Emoticônes – Christophe Sanchez

Lire de Christophe Sanchez
cette émotion qui traverse le temps, l’espace … les corps (sur fut-il.net)

Emoticônes

(extrait)

LE SILENCE EST MORT A AINSI TRAVERSER LE TEMPS-let

LE SILENCE EST MORT A AINSI TRAVERSER LE TEMPS-s

Christophe me dit qu’il ne parvient pas à lire ce mot lié
et y retrouver son texte.

Il doit posséder
comme d’autres parmi nous
une précieuse qualité qui est incompatible avec
cette contrainte imposée ici
à l’oeil et à la main qui s’y cache.

Surtout
ne pas insister
j’ai tellement d’élèves en classe
dont d’autres qualités ont été écrasées
par exemple par l’apprentissage de l’abstraction pure
incompatible avec la perception forte de la réalité et … des émotions dont le texte évoqué parle « en ligne »
et qu’on aurait du préserver de cette « connaissance » destructrice pour eux.
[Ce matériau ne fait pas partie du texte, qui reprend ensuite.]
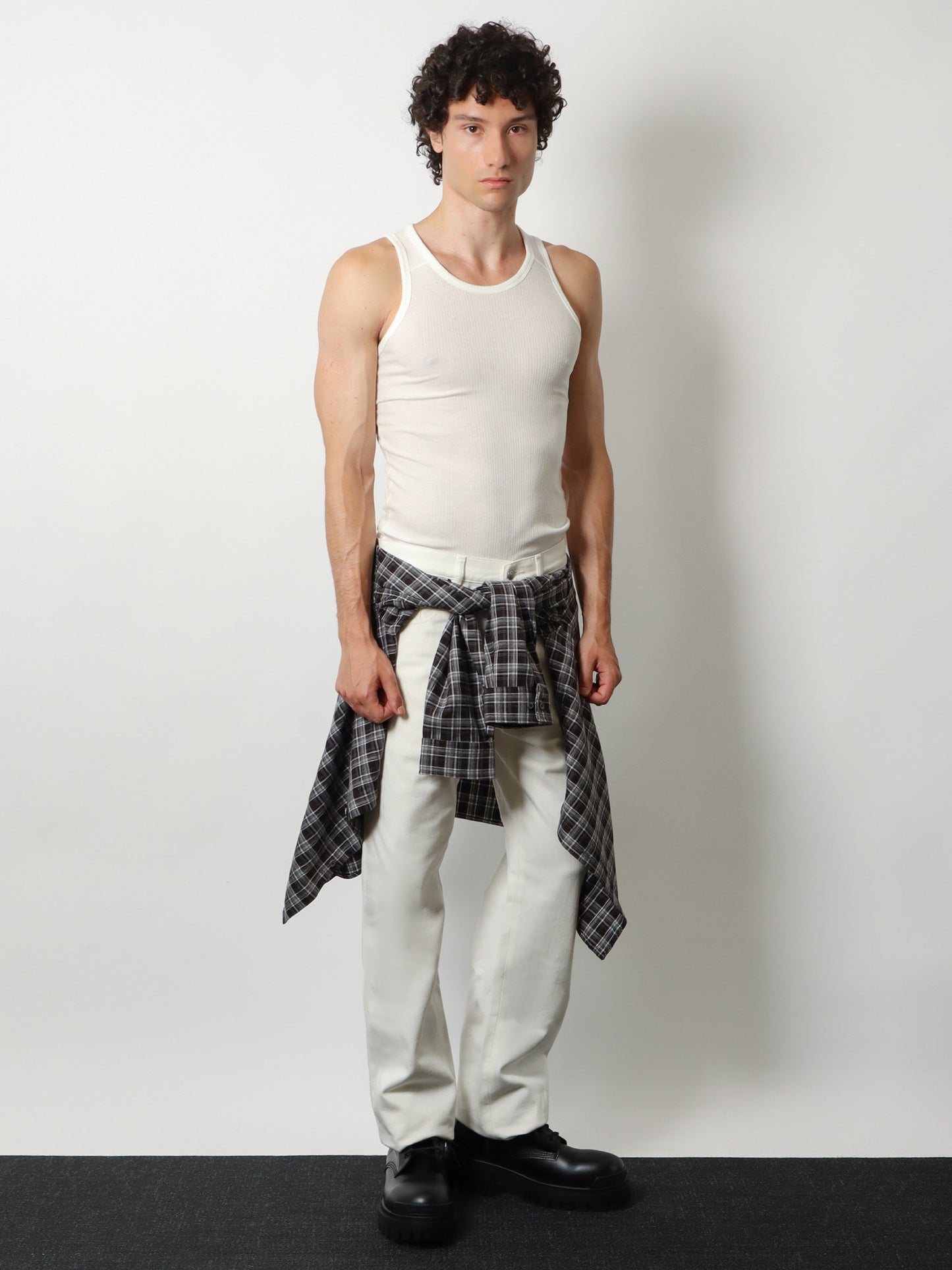 White denim trousers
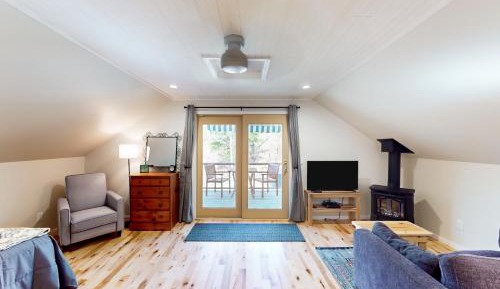 One Bedroom Apartment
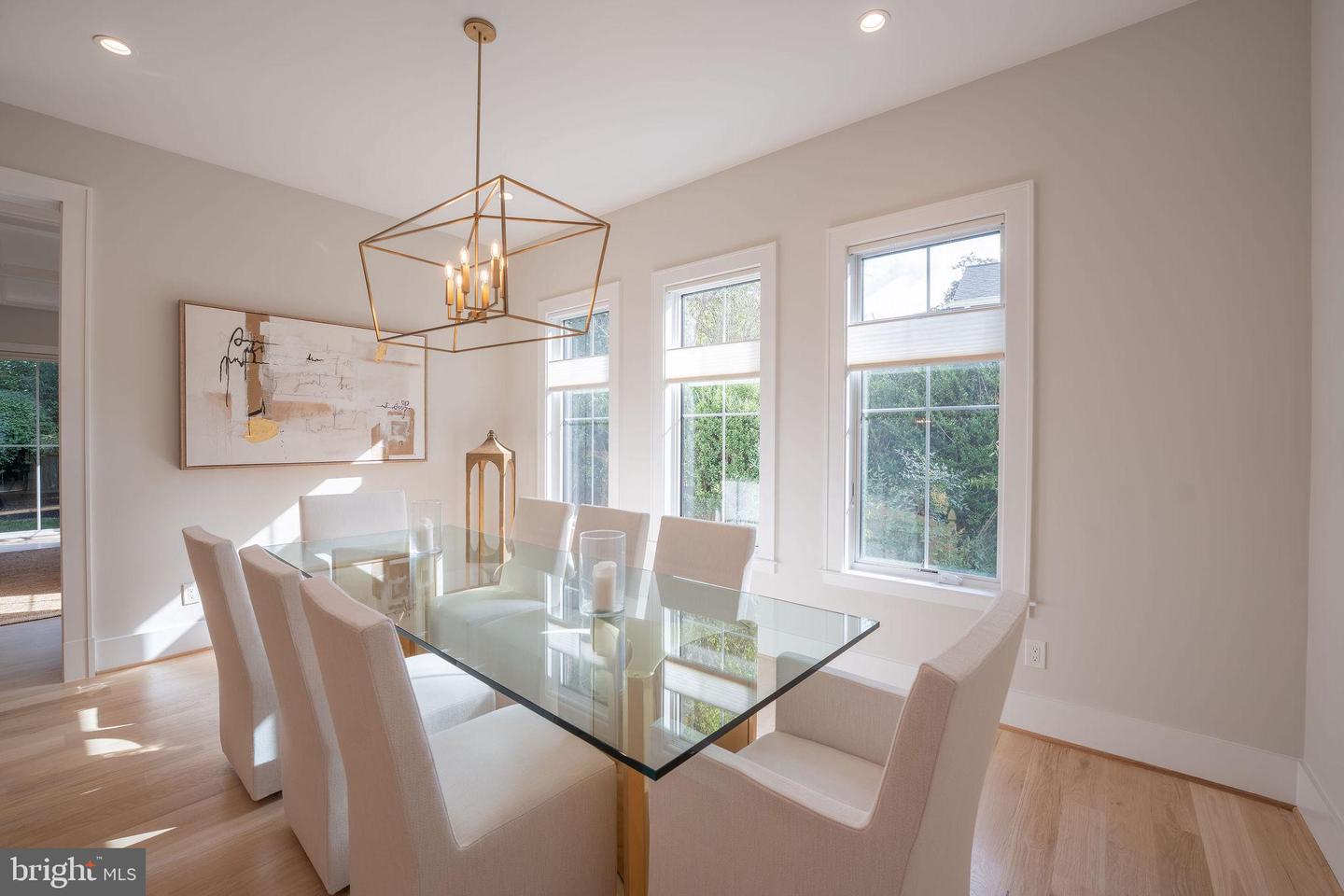 7000 HECTOR RD, MCLEAN, Virginia 22101, 6 Bedrooms Bedrooms, ,6 BathroomsBathrooms,Residential,For sale,7000 HECTOR RD,VAFX2272638 MLS # VAFX2272638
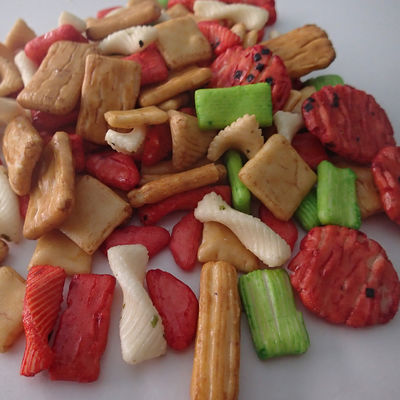 شراء مقرمشات الأرز اليابانية OEM مقرمشات السمسم اليابانية شبه الناعمة online manufacture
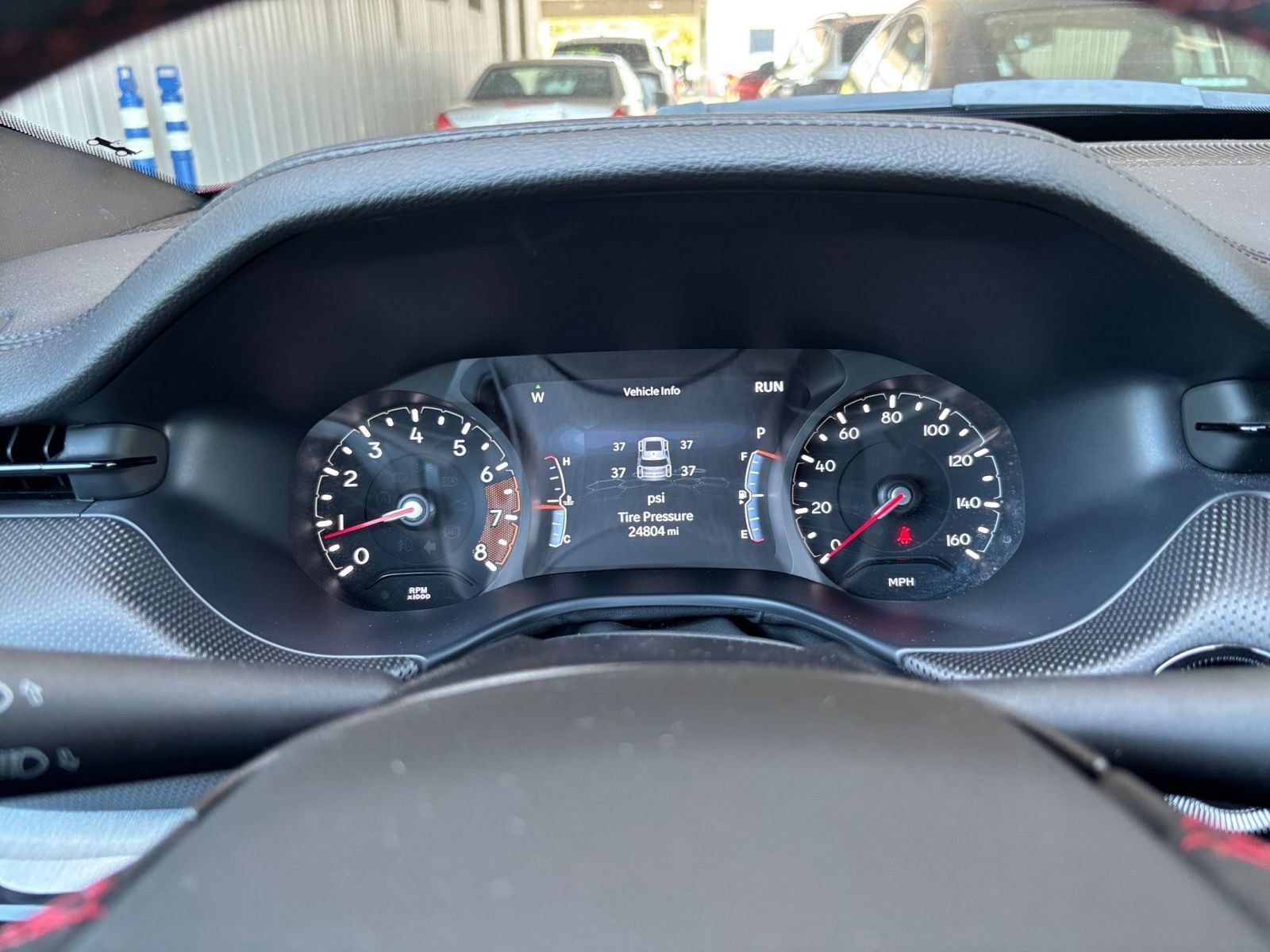 Used 2025 Jeep Compass Trailhawk AWD/4WD image 38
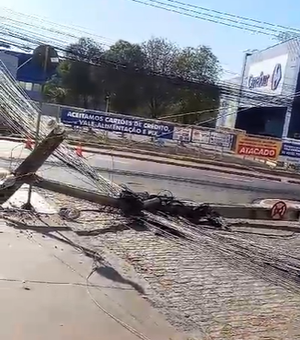 carro derruba postes e deixa fios de alta tensão no meio da rua na Ladeira da Sococo em Maceió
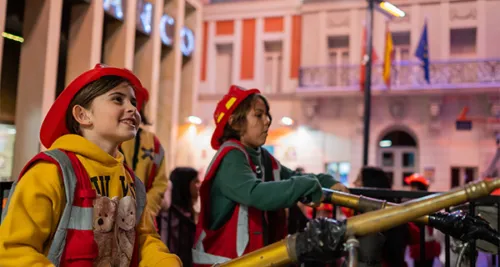 Niños haciendo de bomberos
Alors, à regarder l’espace gorgé de lettres
il reste
tout de même, peut-être
un trouble
(que j’ai parfois moi même)
lorsque les mots sont ainsi entremêlés et
pour un temps
(pour toujours)
délicieusement (?) libre, flottant dans un sens élargi
qui ne touche au contexte que par instant
lorsque la perception crée le contact-rebond.